On the other hand, newer sub-fields like LLM reasoning are incredibly reliant on this abstract research paradigm. Because the state-of-the-art in reasoning is mostly established by new waves of models, our insights as a community are fundamentally drawn from a very small subset of all possible large models. We should always be conscious about connections between the lower and higher levels, but much research today is letting this connection slip away. Ultimately, we shouldn’t deeply care how Llama 3/GPT-4o/Gemini 1.5 specifically do X, Y, or Z because realistically, these models will be obsolete shortly; we should care instead about how implementing A, B, and C or using D, E, and F data in these models led to X, Y, and Z. Despite the fact that some of these issues are alleviated with open-source models, knowledge gaps still remain.
It is abundantly clear what LLVMs can do, but still largely a mystery where these capabilities emerge from.
Topic 2: PhD programs are producing a generation of students that only know how to use and understand models, but not build models. Eventually we will need to self-correct.
Using, understanding, and building models fall squarely into points (1), (3), and (2) of the Model-Centric View respectively.

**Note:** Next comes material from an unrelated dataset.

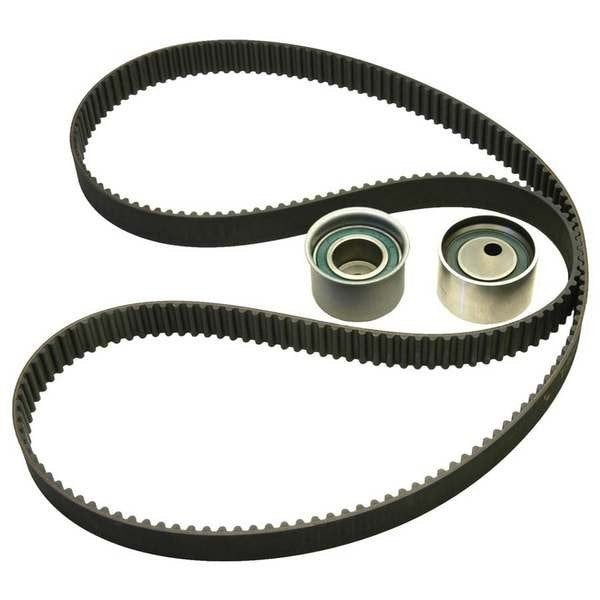 Gates 91-96 Dodge Stealth / 91-99 Mitsubishi 3000GT/92-95 Diamante Timing Belt Component Kit TCK195 *Discontinued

I’ll assert (and I think you’ll agree!) that knowing how to build your own LLVM is useful.
I’ll take this a step further: not only is there value in knowing how to build your own LLVM, but academic institutions should produce some proportion of students that know how to build them. However, given the concentration of resources (e.g., engineering pipelines, clean data at scale, compute, etc.) at well-funded institutions and pace of scaling, academia will produce fewer and fewer people who have modern model-building skills.

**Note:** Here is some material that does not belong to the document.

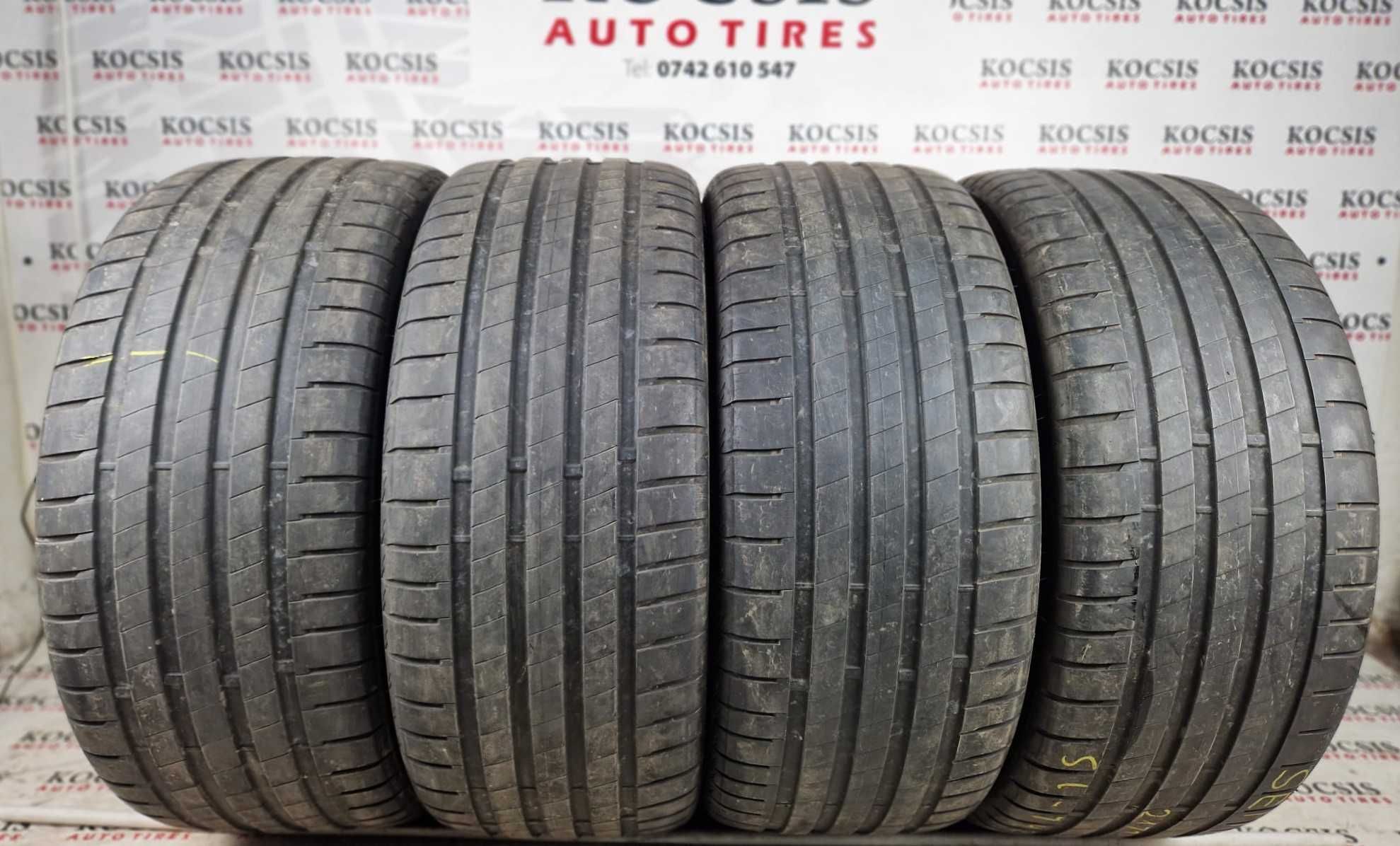 Anvelope second hand vara 255 40 20 Bridgestone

Historically, there are two ways around this. The first falls into point (1) of the Historical View: focusing on scaling laws. In academia, if you can show that your model improves with more parameters, data, flops, etc., even at relatively small scales in a resource-poor environment, your insights, skills, and work will likely translate more broadly. The second is to gain experience via internships and collaborations - if you can’t beat them, join them! However, it is unclear if these two “quick fixes” will continue to remedy the increasing misalignment between academia and industry.

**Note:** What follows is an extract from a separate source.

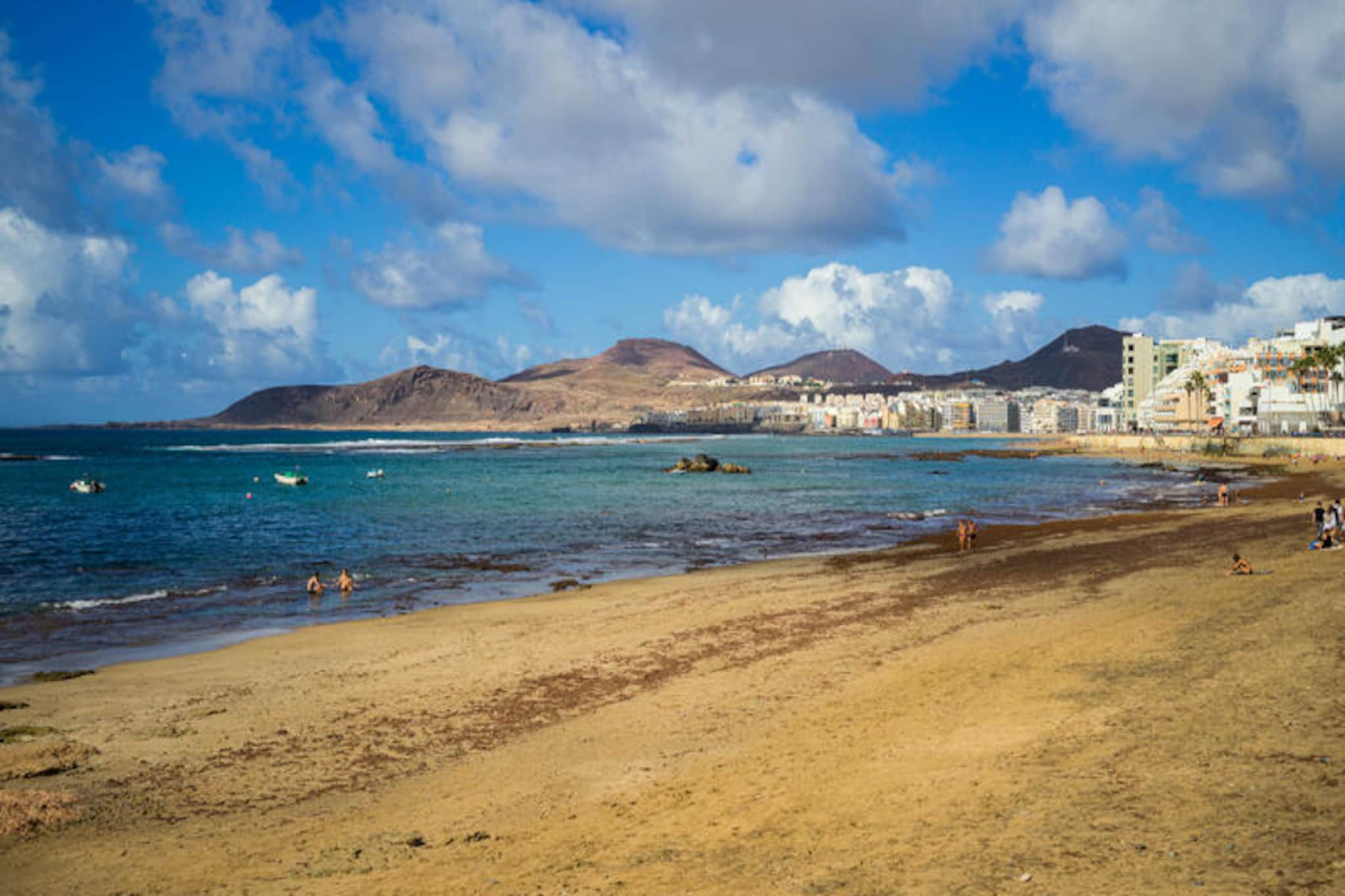 Maison à Las Palmas de Gran Canaria-Image-tags.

Because we are still in a nascent era of large modeling, we should continue making an effort to ensure that there are diverse solutions. As models grow larger and resources more concentrated, this will undoubtedly become more difficult. However, we shouldn’t lose sight of the fact that the true engine behind the foundation modeling craze is the large body of curious tinkerers and builders that make up our ever-growing community.
Wrap Up
In this post, we painted a pretty grim picture of our increasing detachment from model design, driven largely in part by resource inequality. Ultimately, model building is unprecedentedly dominated by industry, academia hasn’t figured out what role it should play, and the divide is getting worse. Despite this, I argue that researchers shouldn’t abandon building, tinkering, and getting our hands dirty. We shouldn’t cede our agency when it comes to large models, even if it becomes harder to do so, because there’s still so much to learn about them. There will likely come a day when abstracting away modeling design decisions is the right call. Today is not that day.